We are overjoyed to announce that our PhD candidate Valerie Waterhouse has won the inaugural Kitty Kelley dissertation fellowship, worth $25,000!
Valerie received the award for her research on the often-overlooked Northern working-class writer, Malachi Whitaker (1895–1976). Her thesis comprises a literary biography of Malachi Whitaker (1895–1976), with a critical reflection on biographical processes. The work represents essential research on a once-popular yet now-forgotten literary figure. Not only does the dissertation offer unique insights into the experience of war, economic pressures, and the publishing industry from the often-overlooked perspective of a Northern, upper-working-class woman, but it also contributes to renewed efforts to consider Modernism in a broader, more inclusive context.
University archivist Dr Alex Mitchell commented: “The biographical work gives a real sense of Malachi’s life and personality. As a subject, it is original and a new contribution to knowledge. We rarely hear about the lives of upper-working-class female writers, especially the impact of their adolescence.”
Lead supervisor Professor Ursula Hurley added: “We are thrilled for Valerie. This award is a testament to her hard work, talent, and determination. Her thesis links Modernism to the working classes and the north of England rather than London, Bloomsbury, and upper-class writers.”
Co-supervisor Dr Alicia Rouverol said: “Valerie’s biography of Malachi Whitaker will make a substantive contribution, not only to the legacy of Northern women writers but to the field of the Modernist canon that continues to expand. We are so excited not just for Valerie’s award but also for the biography itself. Stunning work!”
Valerie said: “This award is a game-changer for me. Writing biography is an intense and often isolated business, and being selected by a committee of published biographers has given me the confidence that my work is worthwhile. I hope, one day, that Malachi & I will make Kitty Kelley and BIO proud!”
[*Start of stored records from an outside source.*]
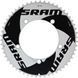 Звезда SRAM POWERGLIDE CRING ROAD RED 10S 55T HB 130 AL4 FLGRY 11.6218.005.000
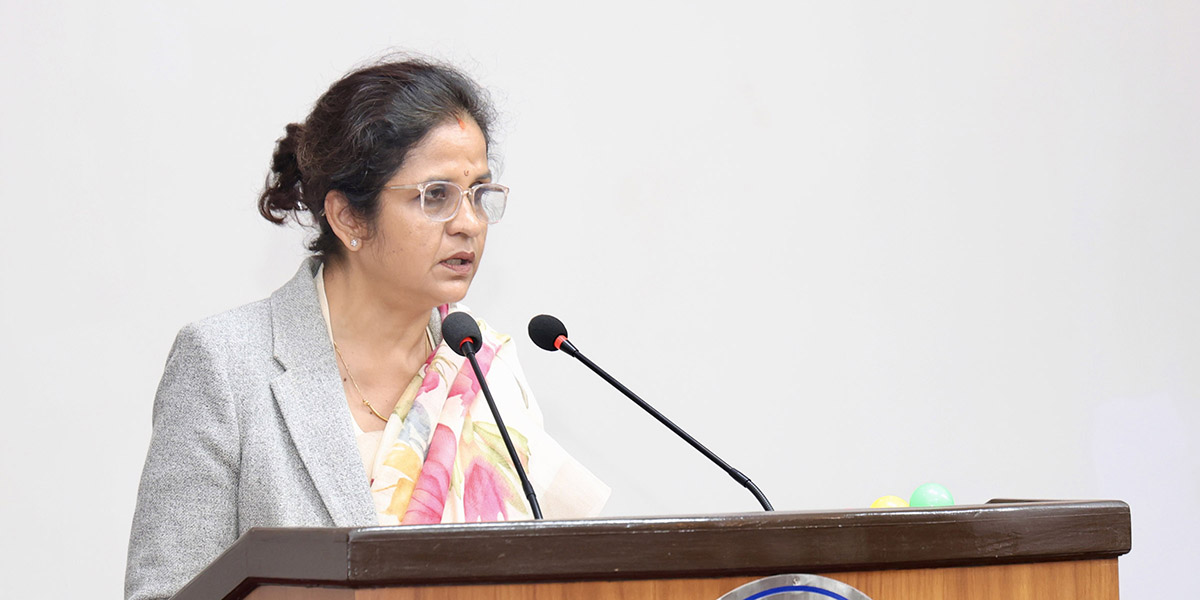 केही महिनामा नै हेटौँडा कपडा उद्योग सञ्चालनमा आउँछ : उद्योगमन्त्री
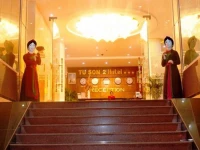 Tu Son 2 Hotel Danang 3*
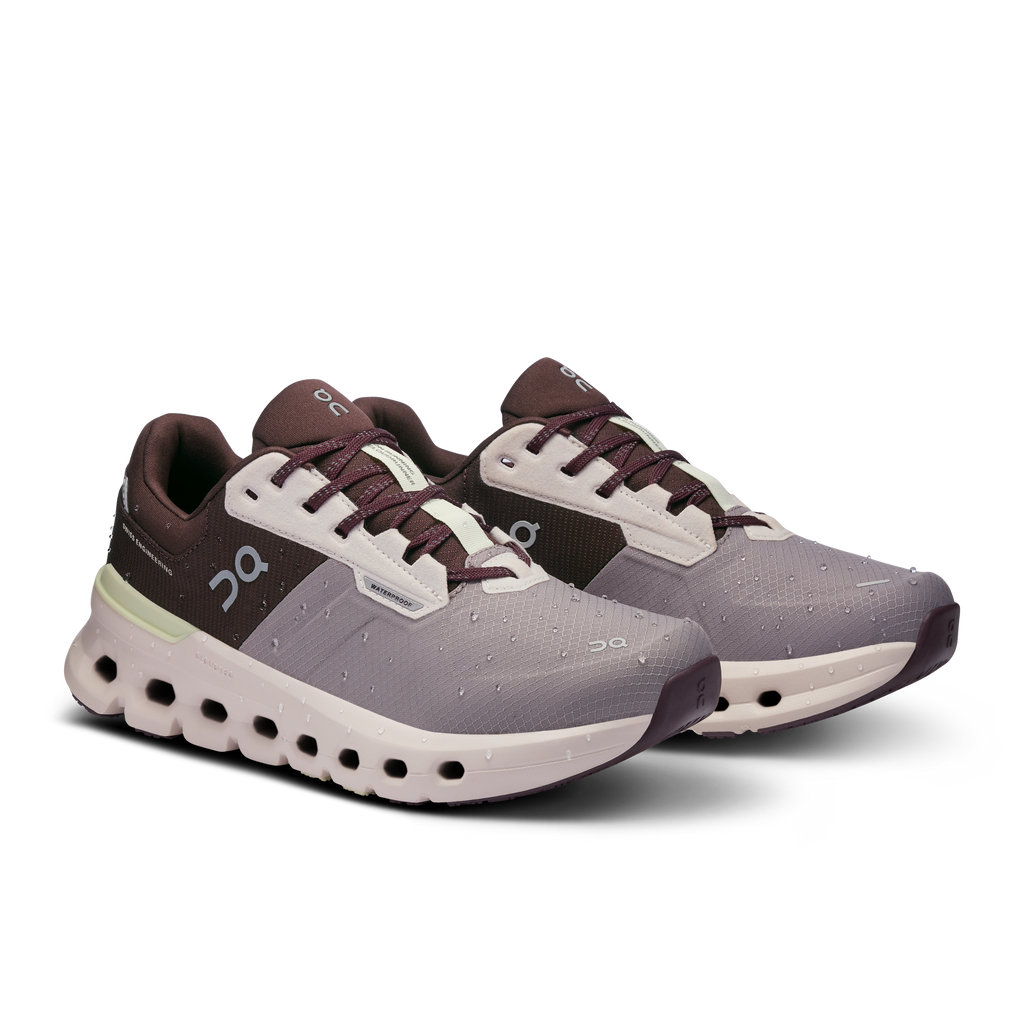 Cloudrunner 2 Waterproof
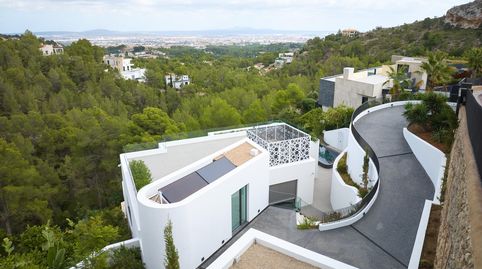 Foto 4 de Casa o xalet en venda a Son Vida, Palma de Mallorca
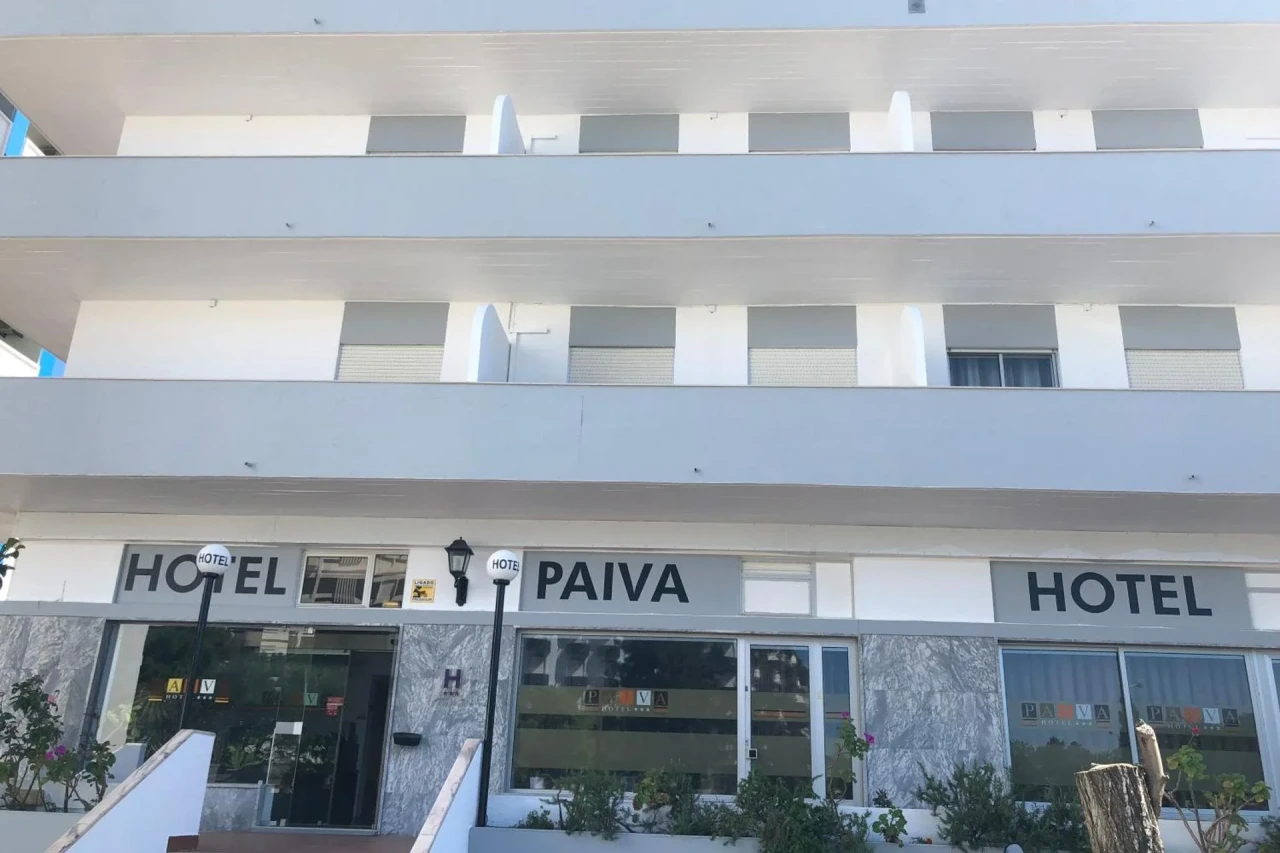 Hotel Paiva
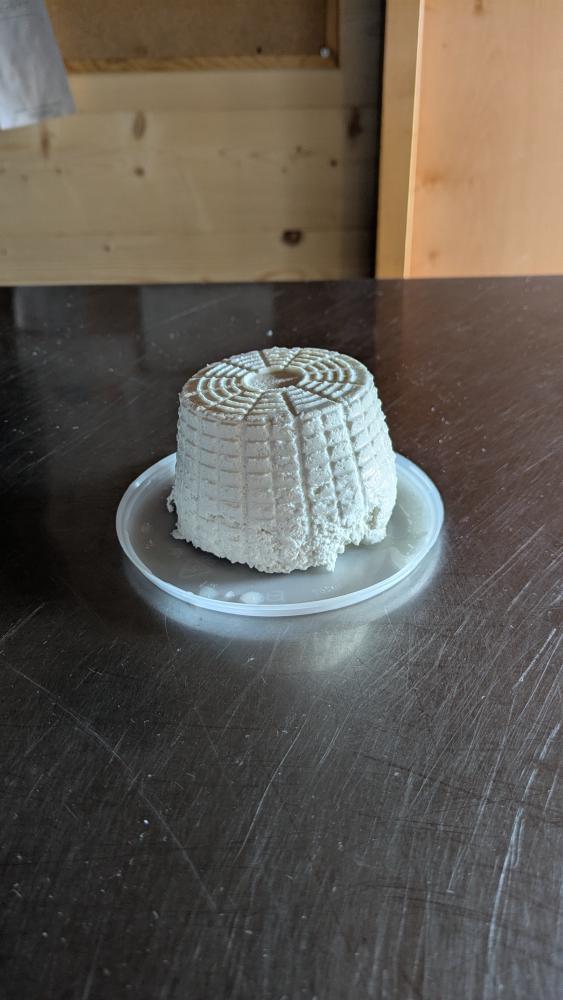 Ricotta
The fellowship, endowed by best-selling biographer Kitty Kelley and awarded by the Biographers International Organization (BIO), provides $25,000 to a doctoral student writing a dissertation in English focused on another person’s life. See here for more information about the award.
Announcing the winner at the National Press Club in Washington DC, biographer Linda Leavell praised the University of Salford for positioning the discipline of writing Biography within Creative Writing. “Yay for recognition at the Academy and yay for recognition that Biography is Creative Writing,” she said.
Valerie is the author of the Afterword for the new edition of Whitaker’s 1939 memoir, And So Did I (coming out in September 2025, with Recovered Books, Boiler House Press, University of East Anglia; ). In 2019, with Bradford Civic Society, she co-organised the installation of a Blue Plaque at Whitaker’s birthplace house in Wrose. Later this year, she will lecture on Whitaker for Cambridge University’s Literature Cambridge Online. She will speak at the Bradford Literary Festival on 3rd July. This autumn, she is organising a series of events celebrating “130 Years of Malachi Whitaker”, born on 23rd September 1895. On October 12th, she will present at the Ilkley Literature Festival.